When I decided to write the With statement in Fluent.NET, I never imagined that I would encounter a common bug and school myself in principles that I happen to present on. But that is what occurred, and I want to share it so others can avoid the same mistakes I made.

With is a Fluent version of Add, only it returns the object or interface it is acting upon rather than void. This allows you to chain methods together in a fluid manner. Instead of calling strings.Add(“Hello”); strings.Add(“World”);, you can call strings = strings.With(“Hello”).With(“World”);. Since you should write tests first, I will post my test that I expected to work.

[TestMethod]
public void With()
{
    var strings = new[] { "This", "is", "a" } .AsEnumerable();
    strings = strings.With("test");

    Assert.IsTrue(strings.Contains("test"));
}

With is cool because it even works with arrays!

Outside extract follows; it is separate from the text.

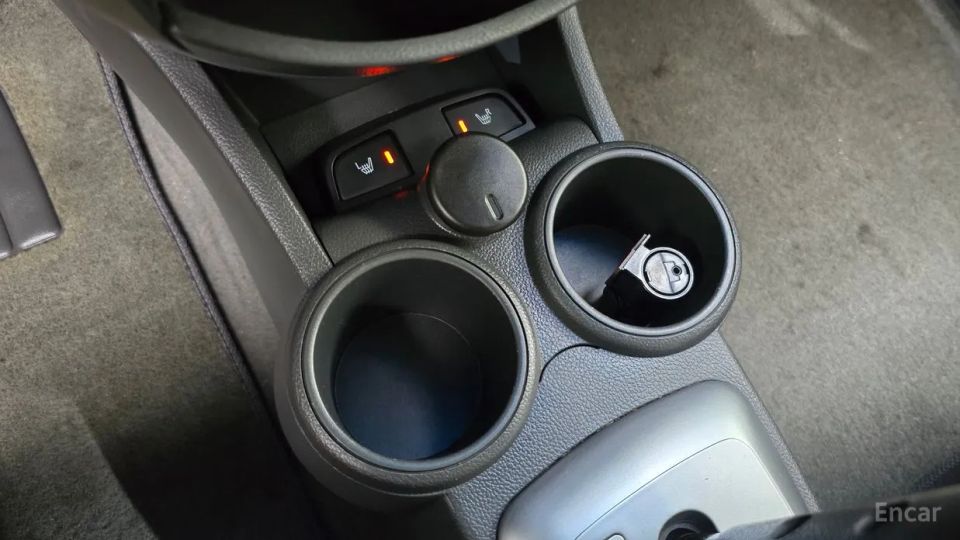 ChevroletGMDaewoo Matiz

In fact, the point of it was that it would work with any IEnumerable<T>. Here was my initial attempt at an implementation.

public static IEnumerable<T> With<T>(this IEnumerable<T> source, T item)
{
    var collection = source as ICollection<T> ?? source.ToList();
    
    collection.Add(item);

    return collection;
}

I cast source to an ICollection<T> to get to that more specific interface. If it doesn’t implement ICollection<T> the null coalescing operator is used and source is convert to List<T>. In subsequent calls to With, source would be a List<T> so the casting would work. This violates the Liskov Substitution Principle because I’m operating on an ICollection or converting to one no matter what. I decided that I would knowingly do so because I wanted to extend IEnumerable and optimize for a type that it could convert to itself.

This code is buggy. It compiled, but my unit test failed.

Here’s another example of the same bug.

public static void AddFail(IList<string> strings)
{
    strings.Add("Fail");
}

If you haven’t figured it out, don’t feel bad. 40 people over 2 of my sessions haven’t answered it (out loud anyway) either. I’m certain I’ve seen this failure in many methods over the years as well.

The problem is that arrays implement ICollection<T> and IList<T>. However, arrays are a fixed size. Here’s the error I received when running my test: “System.NotSupportedException: Collection was of a fixed size.”

If you’re performing operations that would modify a collection, you must check the IsReadOnly property of that collection. This fixed the bug and is what I checked into CodePlex… but don’t use it, because it’s still wrong.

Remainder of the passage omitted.